Full-length ArticleDoes education lower allostatic load? A co-twin control study
Introduction
A large and growing literature has examined the relationship between education and health (Albouy and Lequien, 2009, Amin et al., 2015, Arendt, 2005, Behrman et al., 2011, Buckles et al., 2013, Clark and Royer, 2013, Fonseca and Zheng, 2011, Fujiwara and Kawachi, 2009, Gruenewald et al., 2012, Jürges et al., 2013, Lleras-Muney, 2005, Lundborg, 2013, Lundborg et al., 2012, Madsen et al., 2014, Manor et al., 2004, Mazumder, 2008, Meghir et al., 2012, Rosengren et al., 2009, Spasojevic, 2010, Strand and Tverdal, 2004, van Kippersluis et al., 2011, Webbink et al., 2010).

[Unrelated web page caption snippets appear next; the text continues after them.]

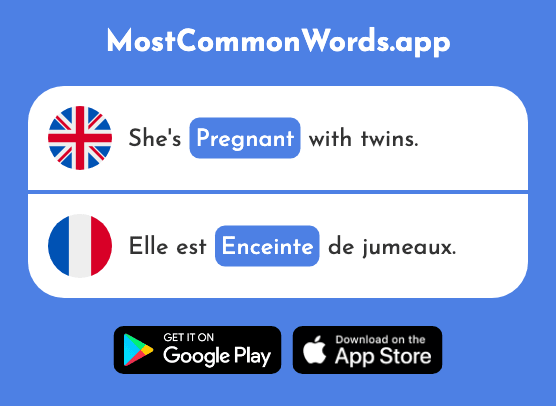 Pregnant, enclosure - Enceinte (The 2226th Most Common French Word)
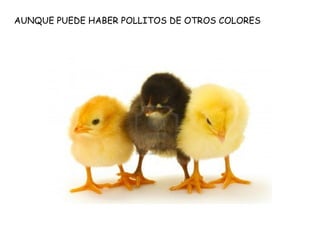 AUNQUE PUEDE HABER POLLITOS DE OTROS COLORES
 
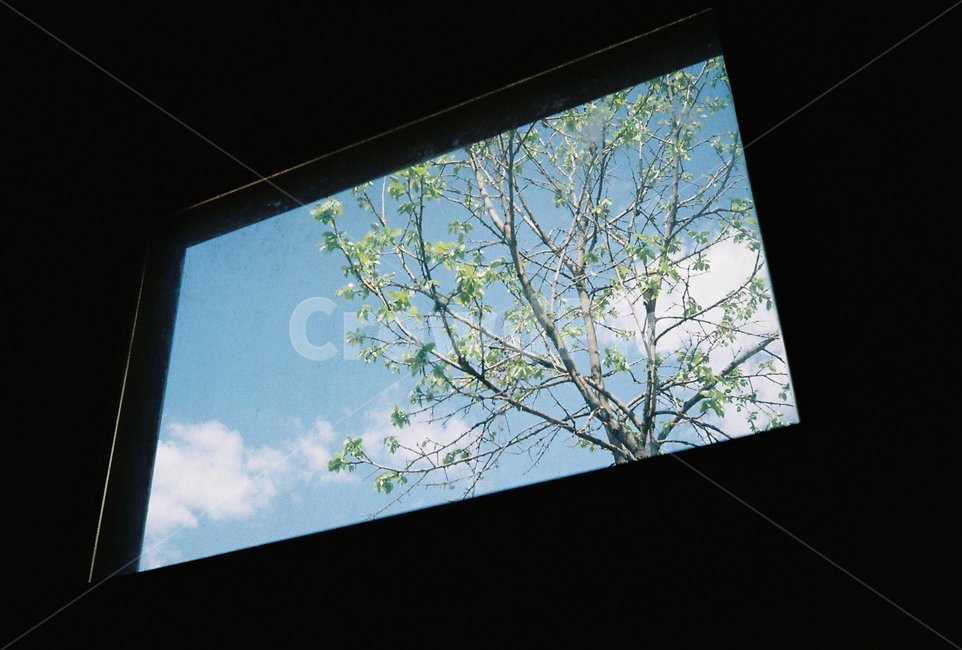 액자,창문,풍경,프레임,나무,식물,자연,plants,nature,나무,trees,wood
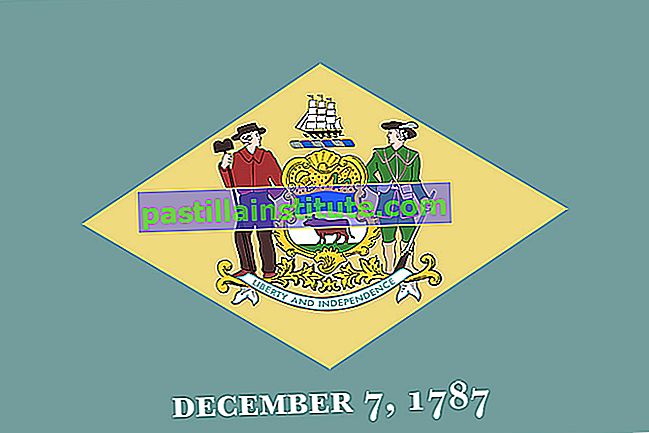 La bandera del estado de Delaware fue adoptada en 1913;  una bandera similar había sido llevada durante la Guerra Civil Americana por las tropas del estado.  Un diamante de color beige se centra en un campo de azul colonial y lleva las armas del estado;  están apoyados a la izquierda por un granjero y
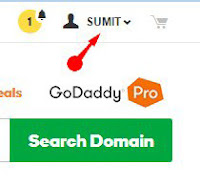 domain name forwarding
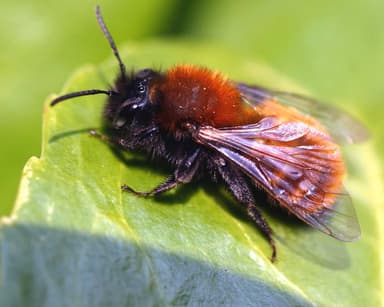 A close up of Andrena fulva also known as a Tawny mining bee on a flower.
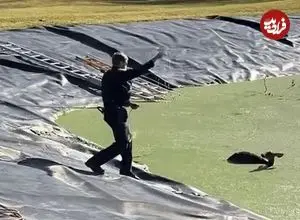 ببینید| لحظه نجات آهوی سقوط کرده در حوضچه آب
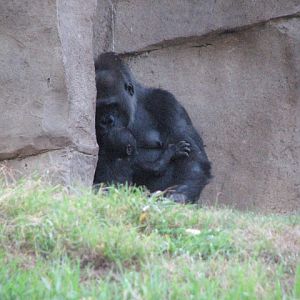 Gorilla Forest - Western Lowland Gorilla (with baby)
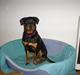 Rottweiler Shanti *R.I.P*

Findings include that education is associated with better self-reported health (Amin et al., 2015, Fujiwara and Kawachi, 2009, Lundborg, 2013), lower mortality (Buckles et al., 2013, Lleras-Muney, 2005, Manor et al., 2004, van Kippersluis et al., 2011), greater longevity (Lundborg et al., 2012), lower odds of hypertension and diabetes (Fonseca and Zheng, 2011), reduced risk for acute myocardial infarction (Rosengren et al., 2009), and fewer chronic conditions (Lundborg, 2013).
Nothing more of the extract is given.